Tiki-Inspired Coconut-Lime Shrimp Rice Bowl
A vibrant rice bowl featuring sautéed shrimp in a zesty coconut-lime sauce with tropical veggies and fragrant jasmine rice. This thai-inspired seafood ready in about 30 minutes pairs large shrimp, peeled and deveined, jasmine rice, coconut milk for a weeknight-friendly dinner that comes together with one pan and minimal cleanup. Each serving lands at about 350 calories and feeds 4, so it slots cleanly into a weekly meal plan and pairs well with a quick salad or grain on the side. Tap "Plan a meal with the AI" below to drop this recipe into your week and send the ingredients straight to Instacart. Nutrition values are approximate, calculated from USDA FoodData Central (fdc.nal.usda.gov) — verify against ingredient labels for any health-driven dietary plan.
Ingredients
- 1 lb large shrimp, peeled and deveined
- 1 cup jasmine rice
- 1 cup coconut milk
- 1 tsp lime zest
- 3 tbsp lime juice
- 1 medium red bell pepper, julienned
- 3 scallions, sliced
- 1/4 cup fresh cilantro, chopped
- 2 garlic cloves, minced
- 1 tbsp ginger, grated
- 2 tbsp olive oil
- 1/2 tsp salt
- 1/4 tsp black pepper
- 2 tbsp toasted shredded coconut
Instructions
- Step 1: Rinse 1 cup jasmine rice under cold water until water runs clear. Combine with 1 1/4 cups water and 1 cup coconut milk in a saucepan. Bring to a boil, reduce heat to low, cover and simmer for 15 minutes until rice is fluffy.
- Step 2: While rice cooks, heat 2 tbsp olive oil in a large skillet over medium-high heat. Add 2 minced garlic cloves and 1 tbsp grated ginger, sauté for 1 minute until fragrant.
- Step 3: Add 1 lb peeled and deveined shrimp with 1/2 tsp salt and 1/4 tsp black pepper to the skillet. Cook shrimp for 2-3 minutes per side until pink and opaque.
- Step 4: Stir in 1 medium julienned red bell pepper, 3 sliced scallions, 3 tbsp lime juice, and 1 tsp lime zest into the shrimp mixture. Cook for another 2 minutes to combine flavors.
- Step 5: To serve, place coconut jasmine rice in bowls, top with the shrimp and vegetable mixture. Garnish with 1/4 cup chopped fresh cilantro and 2 tbsp toasted shredded coconut for a tropical crunch.
Equipment for this recipe
Top-rated tools to make this recipe successfully.
Frequently asked questions
How long does Tiki-Inspired Coconut-Lime Shrimp Rice Bowl take to make?
Total time is about 30 minutes (10 min prep + 20 min cook). Most home cooks find this fits comfortably into a weeknight; double the batch on Sunday for two dinners.
How do I store leftover Tiki-Inspired Coconut-Lime Shrimp Rice Bowl?
Cool to room temperature within 2 hours, then store in an airtight container in the fridge for up to 4 days. Reheat covered in a 350°F oven for 10-12 minutes, or microwave at 70% power in 60-second bursts to keep jasmine rice from drying out.
Can I substitute ingredients in Tiki-Inspired Coconut-Lime Shrimp Rice Bowl?
Yes — most ingredients in this recipe have flexible swaps. For oil, use any neutral high-smoke-point oil (avocado, grapeseed, refined coconut). For aromatics, dried herbs at ⅓ the volume of fresh work in a pinch. The full ingredient list is shoppable on Instacart so you can see substitutes in real time.
How do I scale Tiki-Inspired Coconut-Lime Shrimp Rice Bowl for a different number of people?

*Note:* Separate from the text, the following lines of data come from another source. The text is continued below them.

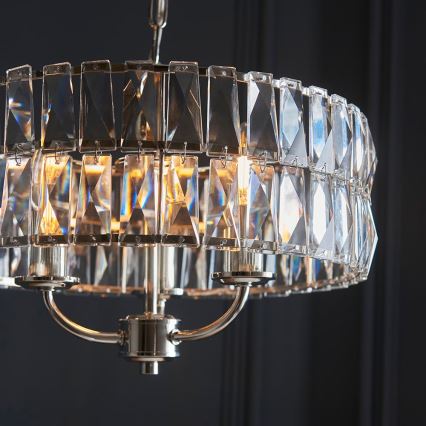 Endon 104466 - Lampadario a sospensione con catena CLIFTON 3xE14/6W/230V cromo lucido/limpido diametro 38,5 cm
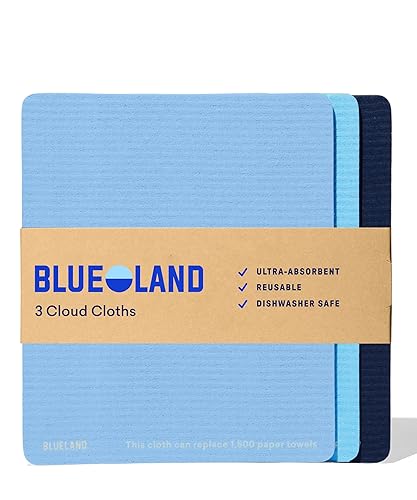 BLUELAND Cloud Cloth, 3-Pack, Reuseable Paper Towel Replacement, Natural Swedish Dish Kitchen Sponge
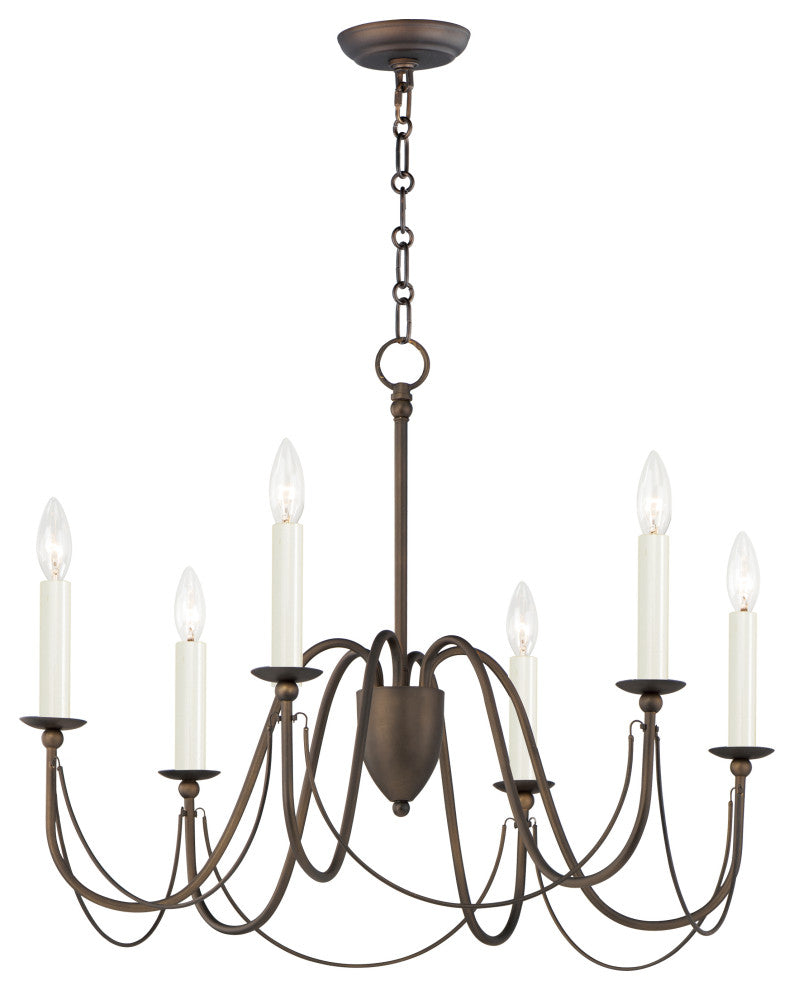 Maxim Lighting Plumette 6-Light Chandelier, Chestnut Bronze, 12166CHB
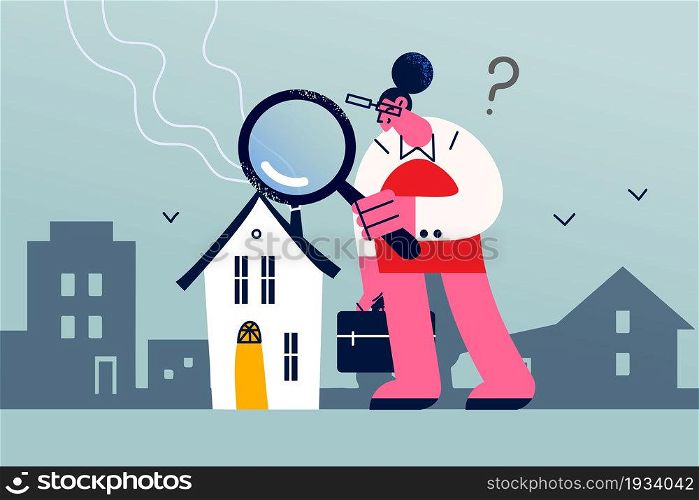 Looking for real estate concept. Young positive woman cartoon character standing with magnifier and making research of apartment for rent or buy vector illustration . Looking for real estate concept.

The recipe is written for 4 servings. Multiply each ingredient by (your serving target / 4). Cook time stays roughly the same up to 2x; for 3-4x batches, switch from a skillet to a sheet pan or stockpot so the food isn't crowded — overcrowding steams instead of browns.
What goes well with Tiki-Inspired Coconut-Lime Shrimp Rice Bowl?
Thai seafood like this pair well with a simple grain (rice, couscous, or crusty bread), a quick salad with acid (lemon vinaigrette, pickled onions), and a pan sauce or yogurt-based dip. Tap "Plan a meal with the AI" to get specific side suggestions.